Following the Grenfell tower disaster, all cladding panels were removed the the Bray Tower Block, Chalcots Estate - the National Audit Office is asking government to set a deadline for cladding remediation.
Following the Grenfell Tower fire, all cladding panels were removed from the Bray Tower Block, in the Chalcots Estate, northwest London (Image: Isochrone via Wikimedia Commons)

The National Audit Office is calling on the government to publish a target date for completing cladding remediation.

Up to 60% of the 9,000-12,000 buildings with dangerous cladding in England have not yet been identified and remediation continues to be slow.

Data projections by the Ministry of Housing, Communities and Local Government (MHCLG) suggest a date of 2035 for completing cladding remediation.

However, the public spending watchdog said in a report published today (4 November) that without published milestones, hundreds of thousands of residents are clueless about when their buildings will be made safe. 

The report is the first to evaluate the government’s remediation scheme since five different programmes were brought together into a single portfolio in 2023.

The initiatives include the ACM programme, the Building Safety Fund, the Cladding Safety Scheme, the Developer Remediation Programme and the Social Housing Programme.

“Seven years on from the Grenfell Tower fire, there has been progress, but considerable uncertainty remains regarding the number of buildings needing remediation, costs, timelines and recouping public spending,” said NAO’s head Gareth Davies.

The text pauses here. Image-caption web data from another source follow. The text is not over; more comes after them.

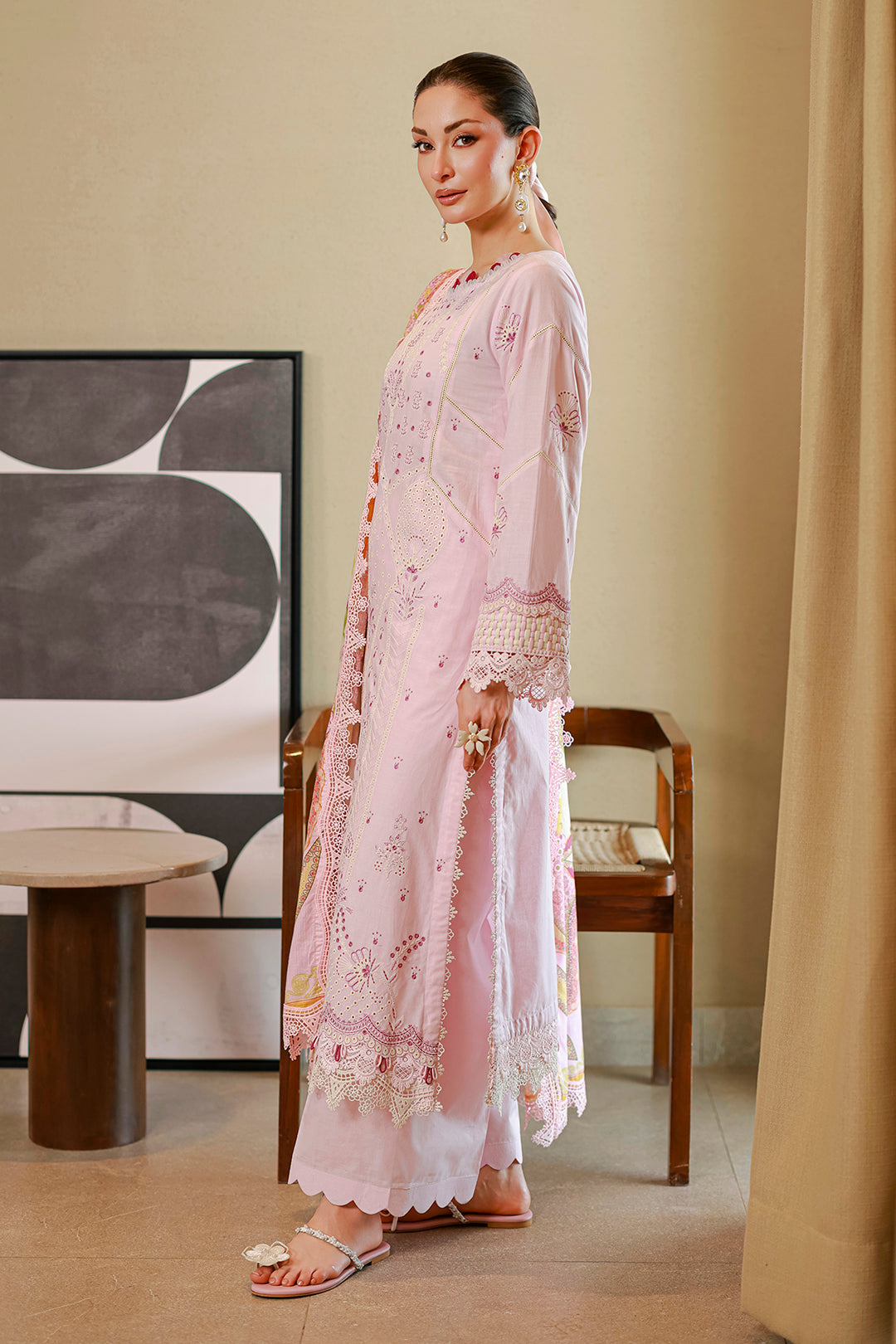 [ SUIT E ] - ZELLBURY CHIKANKARI LAWN EMBROIDERED COLLECTION 2026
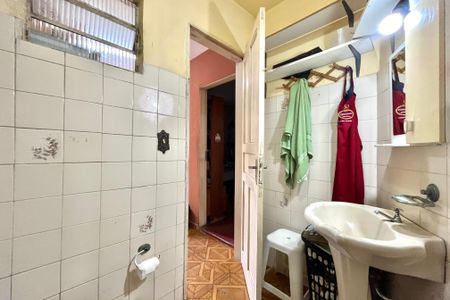 Casa à venda com 143m², 2 quartos e 2 vagas Casa à venda com 143m², 2 quartos e 2 vagasBanheiro de serviço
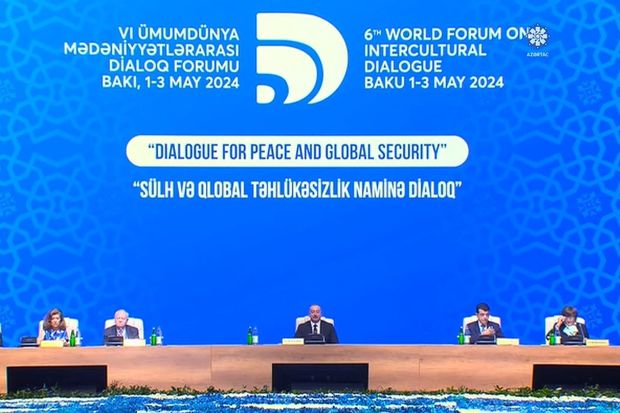 Bakıda beynəlxalq forum işə başlayıb: Prezident tədbirdə iştirak edib - YENİLƏNİR + FOTO/VİDEO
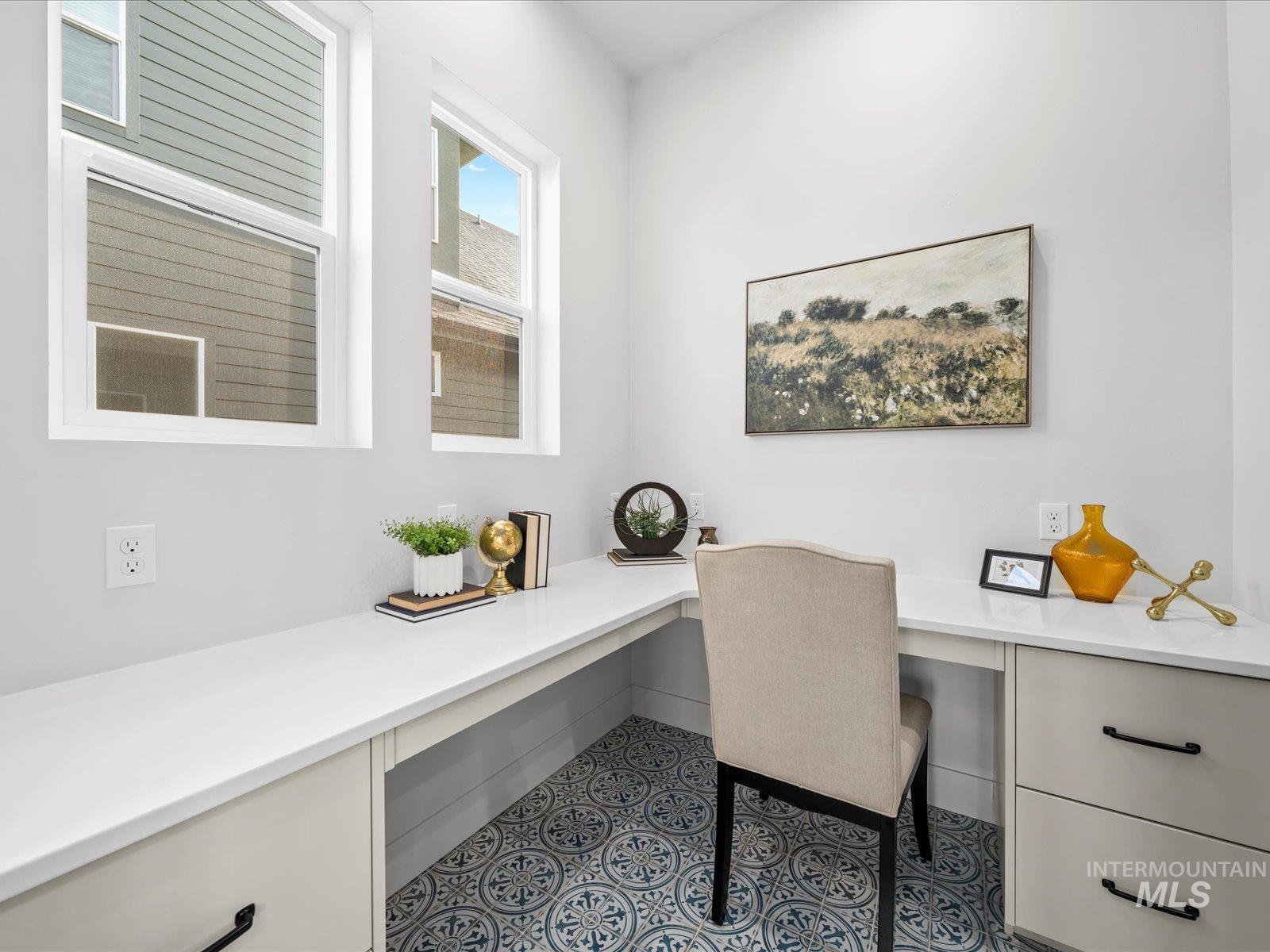 7170 Saddle Bred Way Property Photo 10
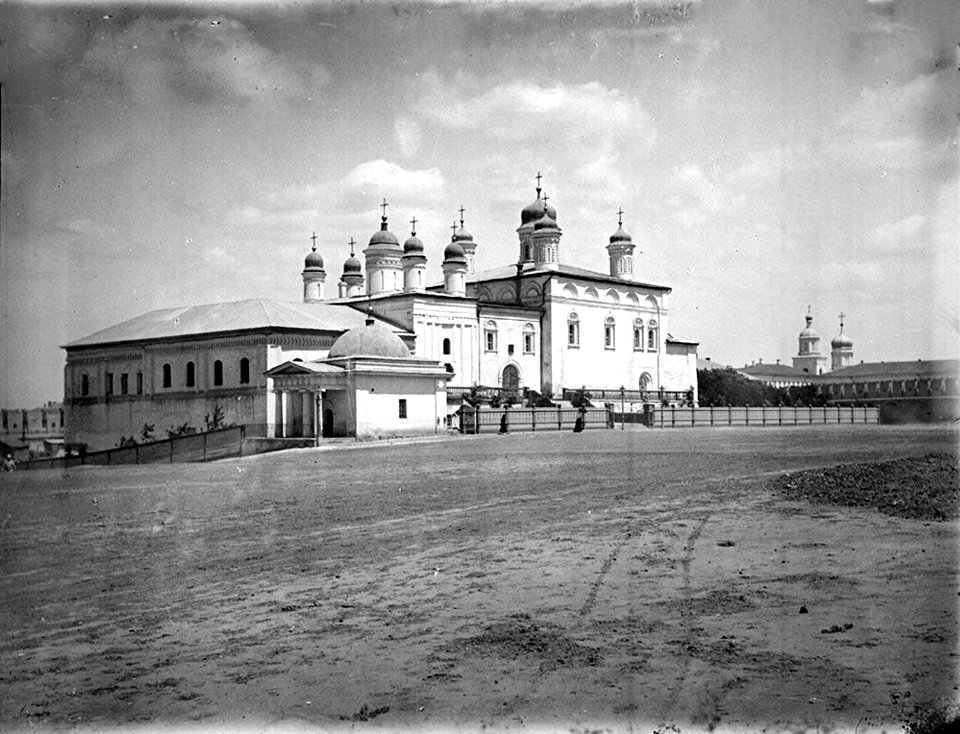 Троицкий собор в Астрахани и дом, где жила Мария Мнишек. 1894 (2)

“There is a long way to go before all affected buildings are made safe, and risks MHCLG must address if its approach is to succeed.”

Deputy prime minister Angela Rayner and new minister for building safety, Alex Norris, hosted on 31 October a roundtable with 11 mayors, the chair of the National Fire Chiefs Council and Building Safety Regulator director Philip White, among others, to discuss proposals to accelerate the pace of building remediation.

The cost of fixing unsafe cladding

NAO’s report found that it will cost an estimated £16.6bn in total to fix unsafe cladding on all buildings over 11m in England.

MHCLG expects to provide £9.1bn of this figure, with the remainder funded by developers that have agreed to remediate buildings they developed, private owners or social housing providers. 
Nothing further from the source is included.